Anyway, I was reading a poem that referenced the story in Mark 2, where Jesus heals the paralytic man who is lowered through the roof by his friends, and it gave me a crazy idea – how about writing a different poem for every story in Mark’s gospel? It’s an ambitious project that I have no intention of actually starting any time soon, but it’ll sit there on the back burner of my mind for the coming years. Never say never.
The thing about setting the gospel stories to poetry is that it encourages you to come at them from an uncommon angle. It’s not too different to that way I like to construct a sermon in that regard. For example, take the story in Mark 2. It’s familiar to many of us, with familiar points and familiar conclusions, but I was thinking about it from a different perspective this morning.
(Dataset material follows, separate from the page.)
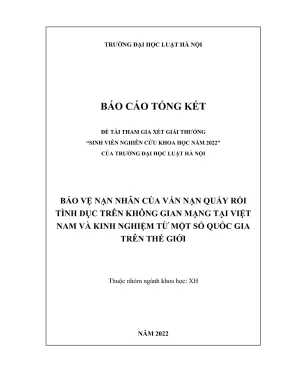 Nghiên cứu bảo vệ nạn nhân quấy rối tình dục trên mạng 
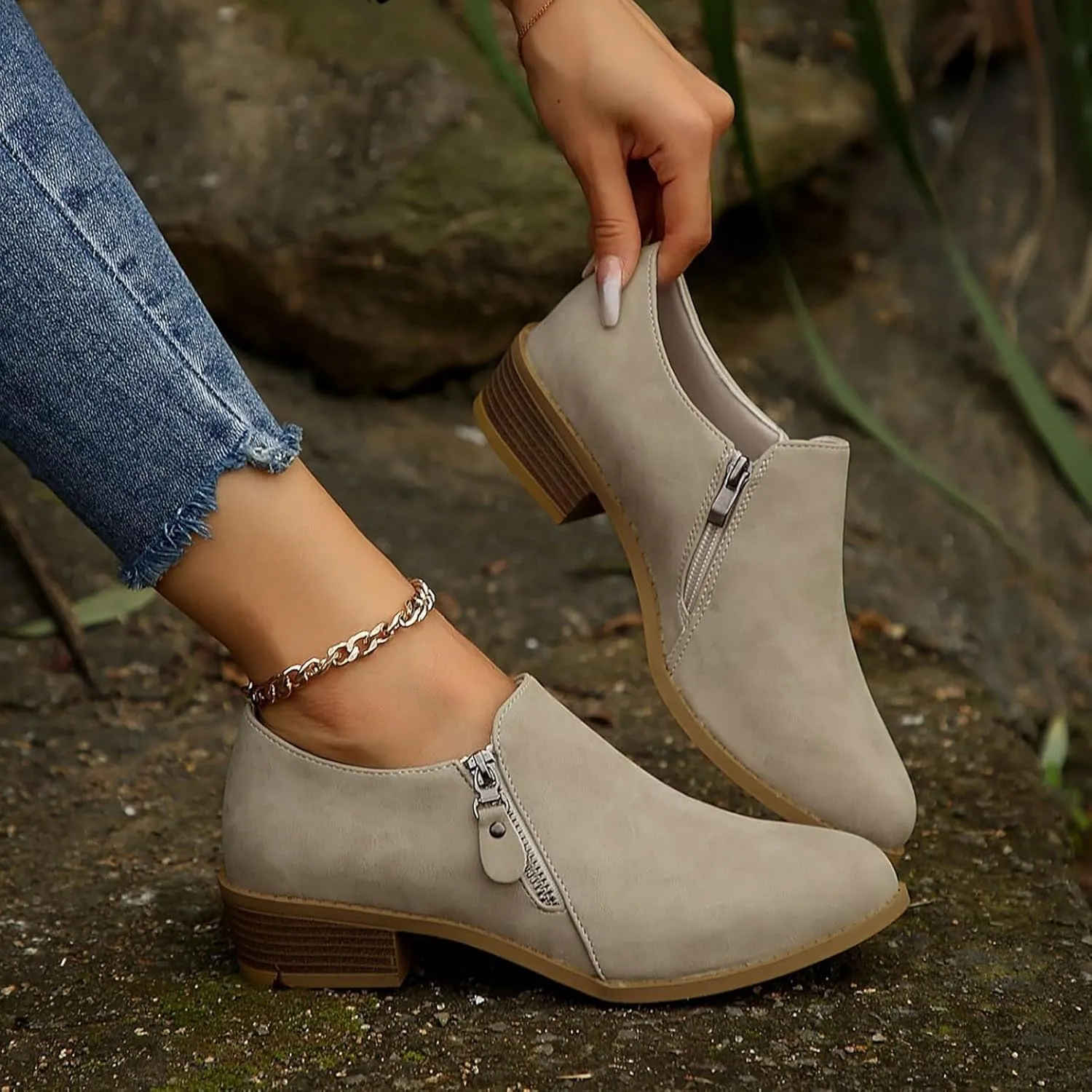 Womens Lace Up Ankle Boots Cowboy Boots for Women Wide Botas Vaqueras Winter Ankle Boots Black Lace Up Ankle Boots Women's Booties Size 10 Wide Width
I imagined myself sitting there, in my small, enclosed room, with Jesus, listening to him teaching and speaking. That’s where I want to be. I’m perfectly happy there. But there’s a world of hurt outside; a world that I’m actually supposed to be engaging with and bringing healing to. Sometimes I forget that world’s there, and I lose myself in blissful isolation that has warped from something important into something selfish. As much as it annoys me to be covered in plaster, I sometimes need the hurting world to intrude and forcefully interrupt my naval-gazing. It reminds me that there are people outside, and by making a great hole in the roof they are letting fresh air into my world and giving me a glimpse of the sky.
If I ever get round to writing a poem on Mark 2, that’s what it will be about.